Closed kyao233 closed 6 years ago

kyao233 commented 7 years ago

HI, I configured my _config.yml and Gemfile as directed, but when I run

bundle exec jekyll serve

I got these error?

Configuration file: /home/kyao4/kyao4.github.io/_config.yml
Configuration file: /home/kyao4/kyao4.github.io/_config.yml
            Source: /home/kyao4/kyao4.github.io
       Destination: /home/kyao4/kyao4.github.io/_site
 Incremental build: disabled. Enable with --incremental
      Generating... 
     Build Warning: Layout 'post' requested in _posts/2017-05-20-welcome-to-jekyll.markdown does not exist.
  Liquid Exception: Could not locate the included file 'icon-github.html' in any of ["/home/kyao4/kyao4.github.io/_includes"]. Ensure it exists in one of those directories and, if it is a symlink, does not point outside your site source. in about.md
jekyll 3.4.3 | Error:  Could not locate the included file 'icon-github.html' in any of ["/home/kyao4/kyao4.github.io/_includes"]. Ensure it exists in one of those directories and, if it is a symlink, does not point outside your site source.

Can someone explain to me why this is happening?

asbhat commented 7 years ago

@kyao4, this error does not seem to be related to the slate template.

It looks like you have a line in your 'about.md' file similar to:

{% include icon-github.html %}

so jekyll is looking for an 'icon-github.html' file in your "/_includes" folder, which doesn't exist. If you find the above line of code and take it out, you should stop seeing that error. For more on how the include tag works check out the jekyll docs.

The slate template does not have any reference to this file, so it's probably from something else you're using or trying to do.

Hope that helps.

kyao233 commented 7 years ago

@asbhat Oh, Your answer is indeed helpful.

I used command jekyll new myblog to create my blog. and then edited _config.yml and Gemfile accordingly.

I think what I should've done is to clone this repo and customize it by myself?

asbhat commented 7 years ago

@kyao4, you can certainly clone the repo, but that's probably not what you want if your goal is to use GitHub Pages. I would recommend you first go through this guide.


Original comment: ah, I see what you did now. Yes I can recreate this error.

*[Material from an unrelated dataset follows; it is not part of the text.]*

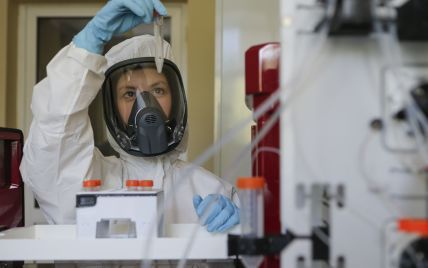 В Одессе 59 инфицированных коронавирусом в тяжелом состоянии, новые случаи подтвердили у детей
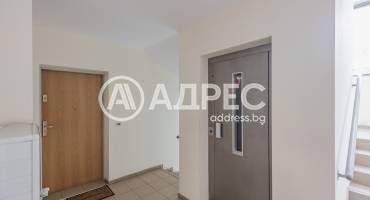 Двустаен апартамент, Варна, Нептун, 702328, Снимка 20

Are you on macOS? If so, do

$ open $(bundle show minima)

This will open a finder showing you all the files within the minima gem (the default theme). Navigate to the "_includes" folder you see. You can copy all of those files to an "_includes" folder in your "myblog" folder. There's more information on handling theme changes here: https://jekyllrb.com/docs/themes/

Taking a step back, I would suggest you first go through this guide that jekyll recommends: http://jmcglone.com/guides/github-pages/

Not recommended hacky way to get your current page up and running

  1. Copy the "_includes" files as detailed above
  2. Copy the 'home.html' and 'about.html' files from the minima "_layouts" folder into your "myblog/_layouts" folder
  3. $ open $(bundle show slate) and copy the 'default.html' file from that "_layouts" folder into your "myblog/_layouts" folder
  4. $ bundle exec jekyll serve should work
  5. If you get an error about "No repo name found" you could do something like $ PAGES_REPO_NWO=pages-themes/slate bundle exec jekyll serve
stale[bot] commented 6 years ago

This issue has been automatically marked as stale because it has not had recent activity. It will be closed if no further activity occurs. Thank you for your contributions.